I am part of an organization that is often left holding the bag, to provide a mechanism for the payment of covered insurance claims of insolvent insurance companies. We strive to help relieve the financial burden placed on claimants and insureds when insurance companies fail. Our organization relies on the data we receive to handle the claims of insolvent insurance companies. The challenges we see firsthand with the data is consistent with the challenges Tony Jacob was describing about legacy IT infrastructure and core systems. Working closely with core systems for last four years, I can safely say that technology partners are equally slow to change. Their product roadmaps reflect overall industry’s inertia.

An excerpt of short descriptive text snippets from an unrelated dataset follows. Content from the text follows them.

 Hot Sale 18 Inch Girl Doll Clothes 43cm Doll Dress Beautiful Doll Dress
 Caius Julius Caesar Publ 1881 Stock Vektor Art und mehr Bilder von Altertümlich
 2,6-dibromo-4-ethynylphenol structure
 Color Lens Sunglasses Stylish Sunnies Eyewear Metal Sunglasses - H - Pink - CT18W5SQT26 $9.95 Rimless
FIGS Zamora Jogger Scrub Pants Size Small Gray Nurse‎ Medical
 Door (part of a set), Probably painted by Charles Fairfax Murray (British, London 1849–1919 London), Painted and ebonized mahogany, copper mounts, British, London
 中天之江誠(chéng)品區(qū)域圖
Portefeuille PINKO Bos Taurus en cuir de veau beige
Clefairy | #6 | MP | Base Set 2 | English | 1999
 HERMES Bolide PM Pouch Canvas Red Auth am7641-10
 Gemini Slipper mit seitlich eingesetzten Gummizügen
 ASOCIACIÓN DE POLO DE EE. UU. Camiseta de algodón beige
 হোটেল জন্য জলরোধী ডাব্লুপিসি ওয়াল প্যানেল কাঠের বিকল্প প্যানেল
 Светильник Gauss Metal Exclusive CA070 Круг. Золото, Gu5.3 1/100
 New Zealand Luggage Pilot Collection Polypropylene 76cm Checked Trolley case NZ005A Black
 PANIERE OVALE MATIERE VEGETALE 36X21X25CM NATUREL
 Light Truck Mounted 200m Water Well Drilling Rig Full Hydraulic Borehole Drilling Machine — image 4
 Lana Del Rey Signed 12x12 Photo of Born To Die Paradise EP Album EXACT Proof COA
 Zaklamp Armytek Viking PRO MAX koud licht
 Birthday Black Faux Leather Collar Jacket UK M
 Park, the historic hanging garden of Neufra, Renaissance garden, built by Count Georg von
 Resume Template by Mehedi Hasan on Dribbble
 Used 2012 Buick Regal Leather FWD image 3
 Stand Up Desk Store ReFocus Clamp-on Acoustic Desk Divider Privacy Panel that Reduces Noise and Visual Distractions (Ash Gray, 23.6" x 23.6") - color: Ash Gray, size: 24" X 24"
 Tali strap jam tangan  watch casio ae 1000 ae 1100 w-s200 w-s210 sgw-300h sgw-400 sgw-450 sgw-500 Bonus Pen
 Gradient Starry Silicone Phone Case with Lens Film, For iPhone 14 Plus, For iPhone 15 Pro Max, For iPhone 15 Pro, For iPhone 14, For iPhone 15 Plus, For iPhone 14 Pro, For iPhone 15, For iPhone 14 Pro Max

McKinsey Global Institute’s report “The Internet Of Things: Mapping The Value Beyond The Hype” says, “The Internet of Things has the potential to fundamentally shift the way we interact with our surroundings. The ability to monitor and manage objects in the physical world electronically makes it possible to bring data-driven decision making to new realms of human activity.” With a potential economic impact—including consumer surplus—of as much as $11.1 trillion per year in 2025. Another McKinsey Global Institute’s report cites The United States alone faces a shortage of 140,000 to 190,000 people with deep analytical skills as well as 1.5 million managers and analysts to analyze big data and make decisions based on their findings. Finally According to Forrester, report “Sizing the Cloud” the global market for cloud computing is forecasted to grow 34.9 percent annually during 2011-16. Each one of these data points can be analyzed and have been analyzed in greater detail, the purpose of citing them here is to highlight the fact that IoT, Cloud and Big Data in Post app-era will create a significant change that affects every industry and organization. Whether it is Wearable Tech, Smart home, M2M, and Connected Devices the technology is permeating every facet of society and in the process creating an exponential growth in data. Insurance industry with its history as the early adopters of technology and leveraging the power of data the benefits for the insurance industry are apparent. Therefore, we must come out of our inertia as we cannot afford to be laggards. Perhaps what we need is the spirit of Edmund Berkeley in every insurance company to help take that strategic leap forward to make connections between clever innovations and industry needs.